→ **Exercise directions**:
Exactly retype the opening line of the entries and every line after it, ending with the line that contains "шишки Нарткала". Skip all pictures.

→ **Data**:
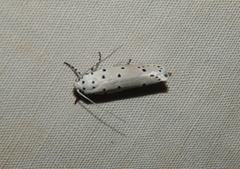 Ethmia coscineutis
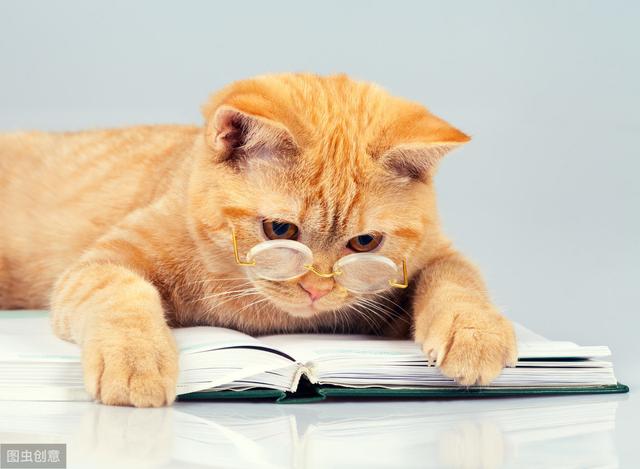 猫和人类相处了1万年，它依然是野生动物，只学会了撒娇卖萌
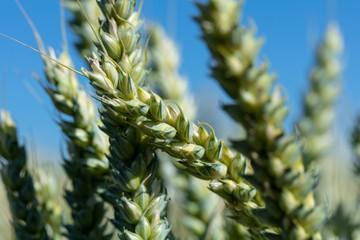 Close-up shot of early wheat in spring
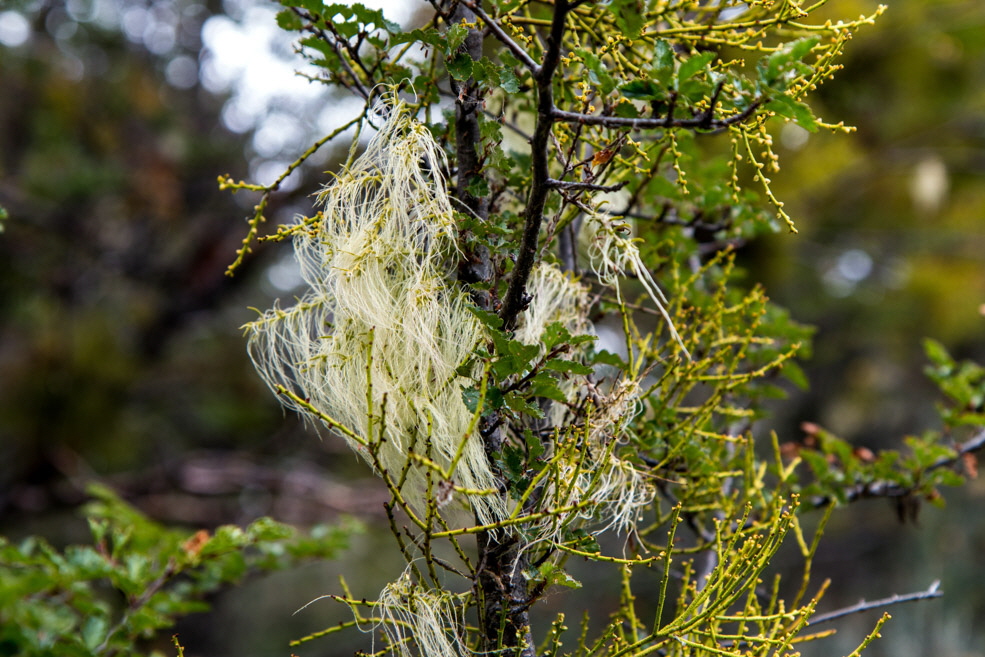 453 Ushuaia Tierra del Fuego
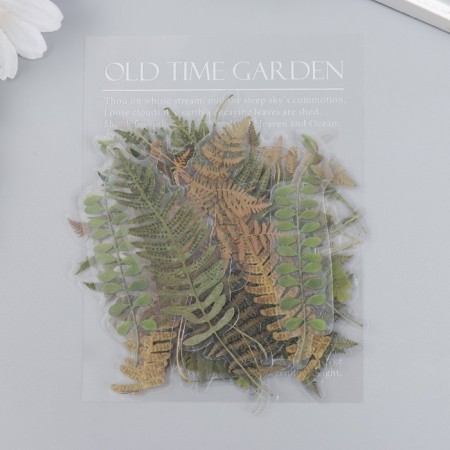 Stickers for creativity "Palm leaves" set 40 pcs 12x9 cm-3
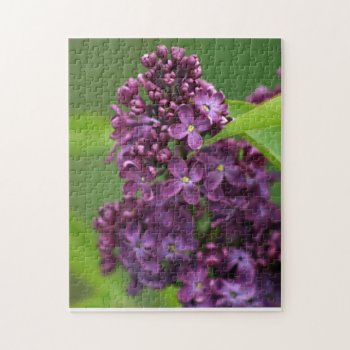 Purple Lilac Puzzle by lynnsphotos at Zazzle
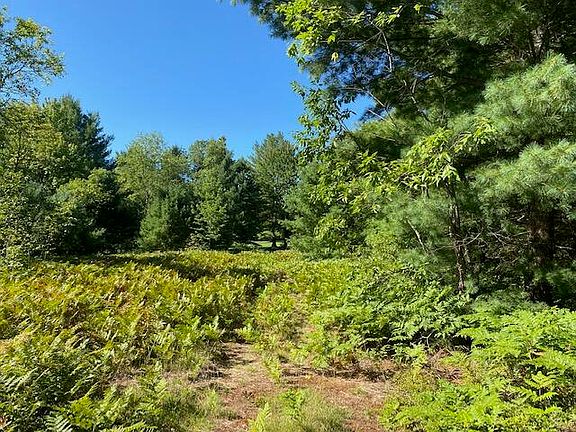 5th image of 58 Fairway Hollow Dr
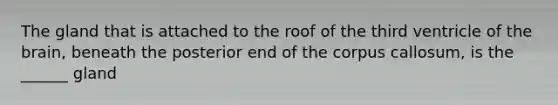 The gland that is attached to the roof of the third ventricle of <a href='https://www.questionai.com/knowledge/kLMtJeqKp6-the-brain' class='anchor-knowledge'>the brain</a>, beneath the posterior end of the corpus callosum, is the ______ gland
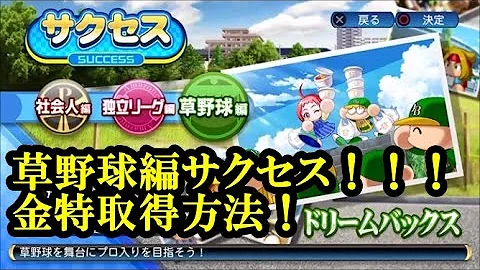 パワプロ16 草野球 投手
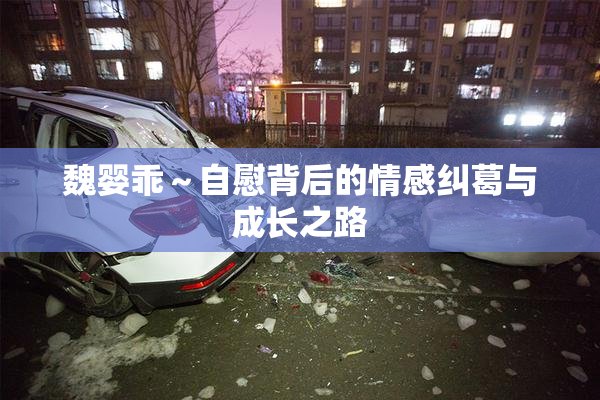 魏婴乖～自慰背后的情感纠葛与成长之路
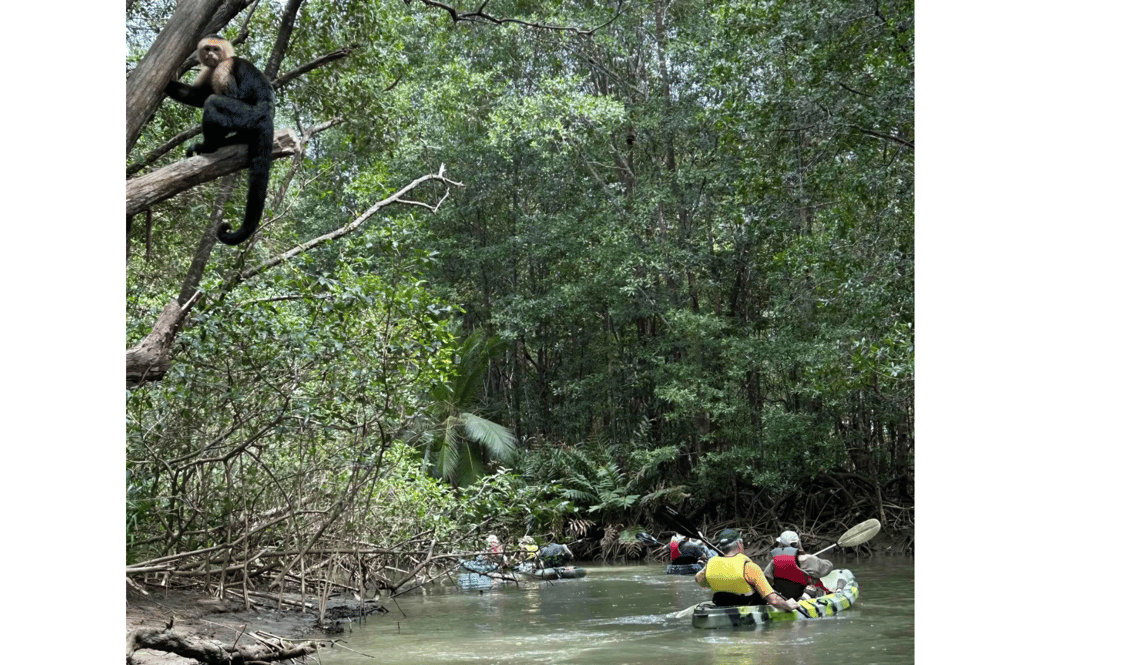 PUR 05.25 Hidden Gems TS – Isla Damas, Kayak and monkey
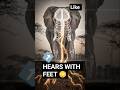 Elephants Can Hear With Their Feet 🐘😳 | Amazing Animal Fact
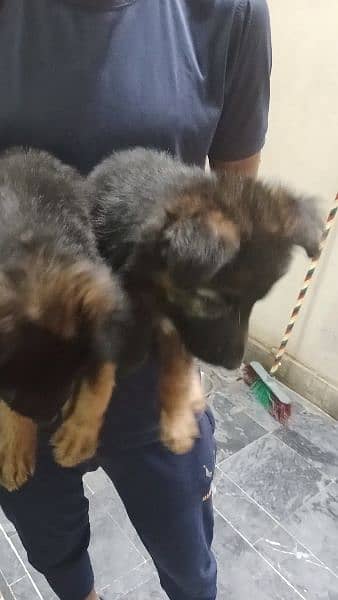 German shepherd male/ female puppies available for sale 1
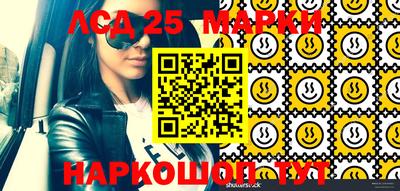 шишки Нарткала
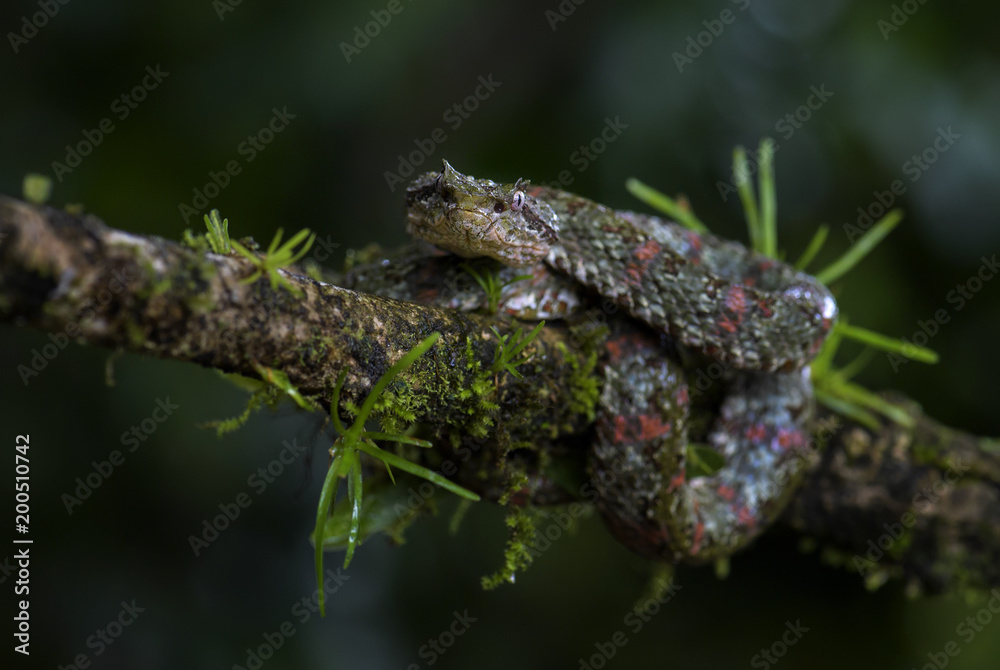 Eyelash Viper - Bothriechis schlegelii, beautiful colored venomous pit viper from Central America forests, Costa Rica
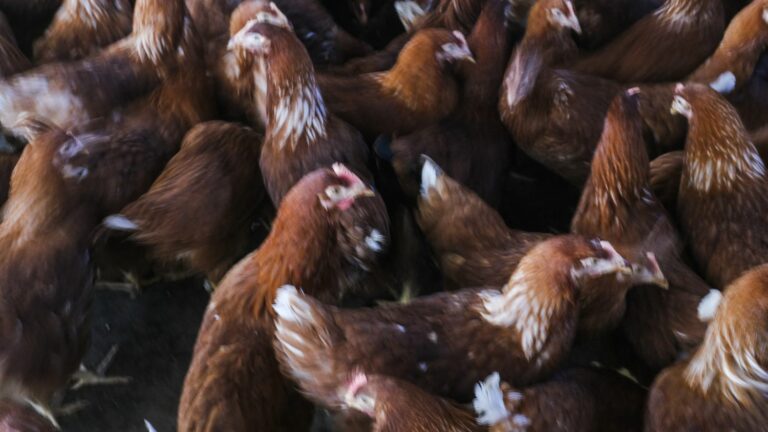 A case of bird flu confirmed in a free-range poultry farm in Finistère, third outbreak of the season in France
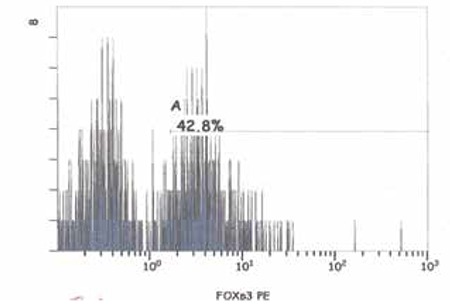 Figure 2a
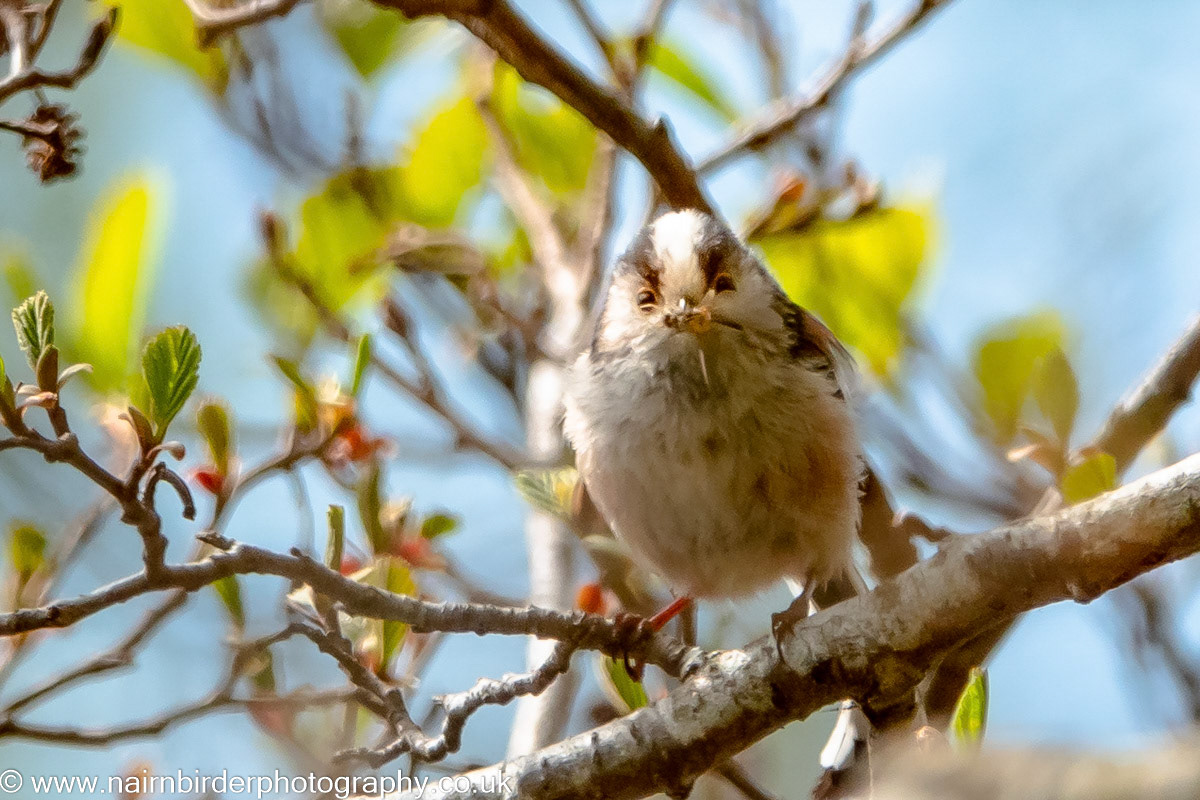 Long-tailed Tit along the River Nairn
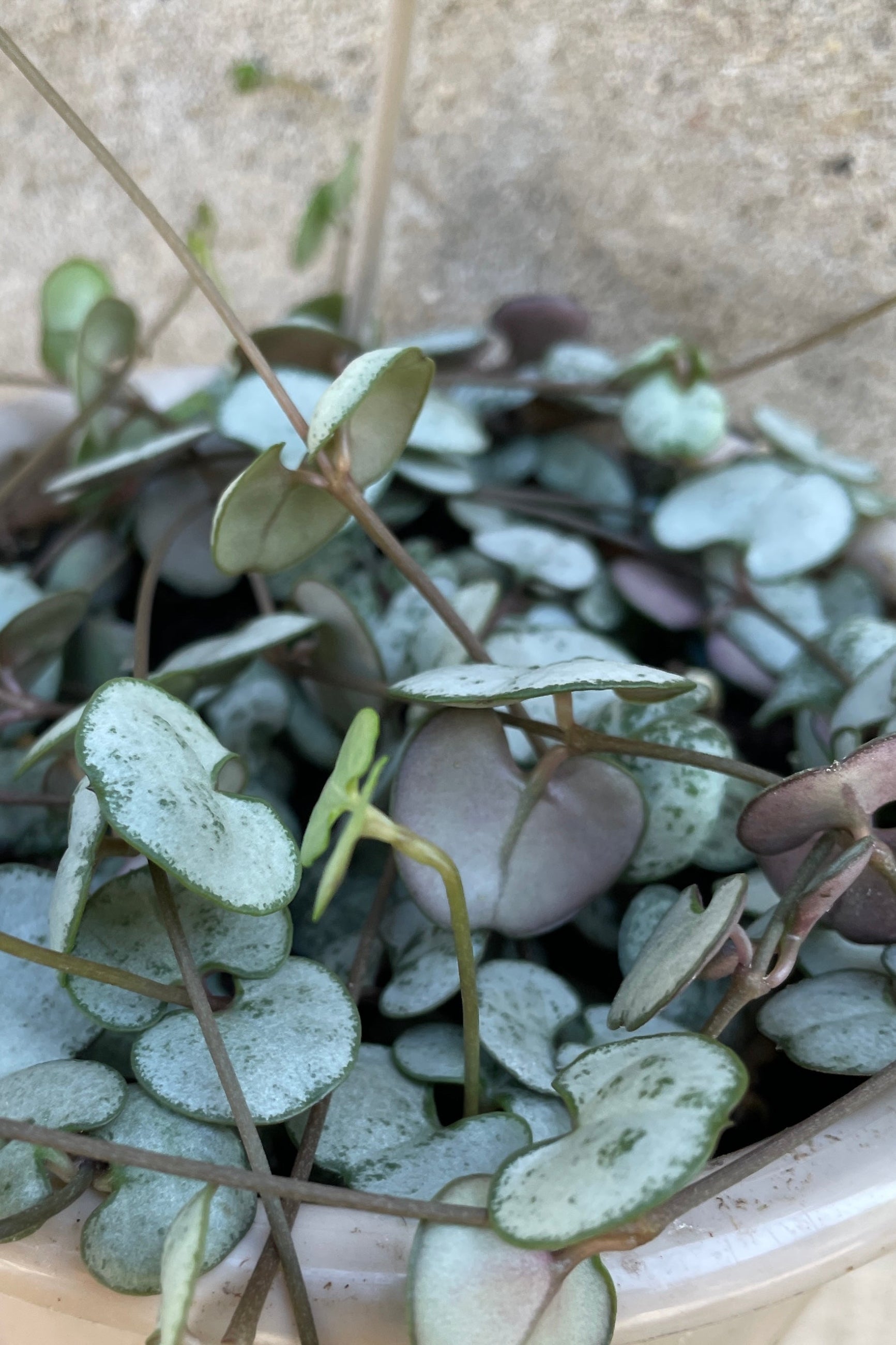 Close up of Ceropegia 'string of hearts' plant with pale, bluish-green, heart shaped leaves dotting long stems that trail against cement background ©Sprout Home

→ **Answer area**:
 Ethmia coscineutis
 猫和人类相处了1万年，它依然是野生动物，只学会了撒娇卖萌
 Close-up shot of early wheat in spring
 453 Ushuaia Tierra del Fuego
 Stickers for creativity "Palm leaves" set 40 pcs 12x9 cm-3
 Purple Lilac Puzzle by lynnsphotos at Zazzle
 5th image of 58 Fairway Hollow Dr
 The gland that is attached to the roof of the third ventricle of <a href='https://www.questionai.com/knowledge/kLMtJeqKp6-the-brain' class='anchor-knowledge'>the brain</a>, beneath the posterior end of the corpus callosum, is the ______ gland
 パワプロ16 草野球 投手
 魏婴乖～自慰背后的情感纠葛与成长之路
 PUR 05.25 Hidden Gems TS – Isla Damas, Kayak and monkey
 Elephants Can Hear With Their Feet 🐘😳 | Amazing Animal Fact
 German shepherd male/ female puppies available for sale 1
 шишки Нарткала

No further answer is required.